There is also an apparent paradox when it comes to working hours and choice. The
majority of employees said they had control over their working hours, but some of these
employees stated a preference to change the number of hours they work.

The Australia at Work research makes a distinction between paid hours and usual hours
worked. Two-fifths of full-time employees are working unpaid hours. Unpaid hours are
commonly found among white-collar professionals, with the result of reducing their
effective hourly rate by around $5 per hour.

Attitudes
Except for perceptions of high work intensity and workload, Australian workers are
generally a happy bunch.

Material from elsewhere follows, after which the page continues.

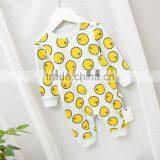 Wholesale Cartoon Full Printing Cotton Baby Autumn Playsuit thumbnail-1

This supports a large body of research on workers’ attitudes.
There are however a number of key findings which point to potential problems:
one-third of employees want to change their hours of work;
over half of employees report ‘more and more is expected of them each year’; and
workers are evenly split between who are ‘just coping’ and ‘finding it difficult to get
by’ and those who are ‘living comfortably’.

Union membership
Despite the low levels of union density (20 per cent), another one in ten (820,000)
employees wish to become a union member. If potential union membership was fulfilled,
union density would reach 30 per cent. Initial analysis suggests that unions are achieving
higher wage outcomes for their members.

Beyond black and white
This study reveals that contemporary Australian working life is not a clear case of good or
bad developments. Our main conclusions include:
There is a need to think more carefully about the inequality of bargaining power in the
labour market: it is not uniform among employees.

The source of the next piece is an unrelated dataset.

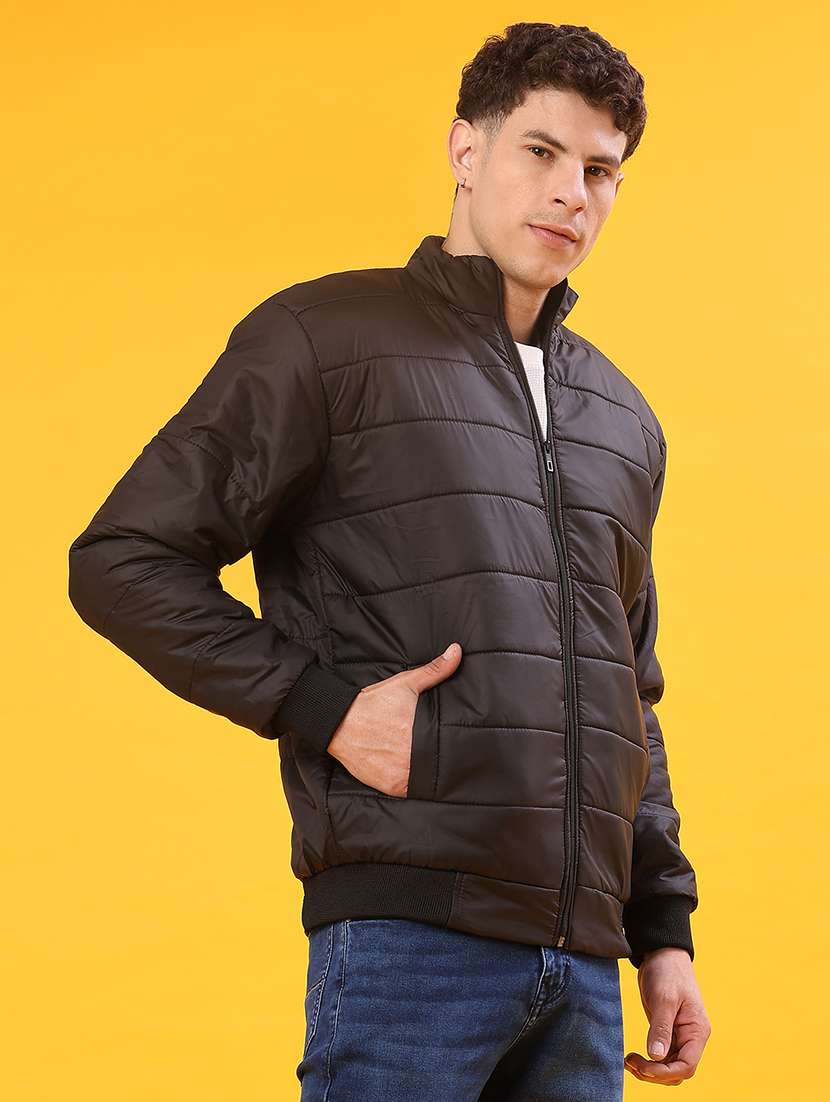 men solid long sleeve puffer jacket - 22013969 -  Standard Image - 2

Greater attention needs to be given to workers on individual contracts. Individual
common law and over-award arrangements are of far greater labour market
significance than AWAs. While common law contracts tend to cover more highly paid
employees, they are not exclusively confined to such workers.

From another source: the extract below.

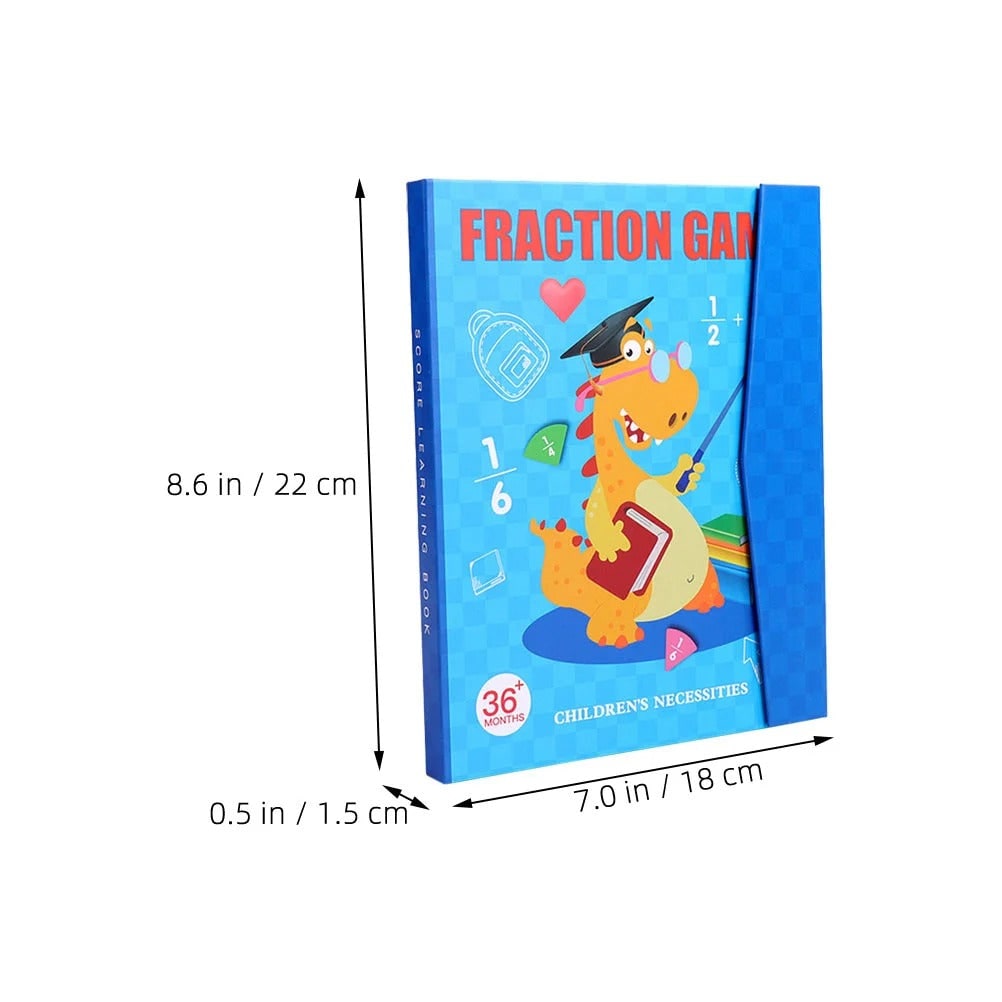 Magnetic Fraction Tiles with Wipe-Clean Book and Marker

Individual and collective arrangements often co-exist and are better seen as
complementary rather than rival industrial arrangements. The formal instruments are
defined as individual or collective, but this does not necessarily reflect the actual
process of setting wages and conditions.
While many employees report they are generally satisfied with working life, it is clear
that underlying frustrations remain, particularly with regard to issues around workload
or work intensity and working hours.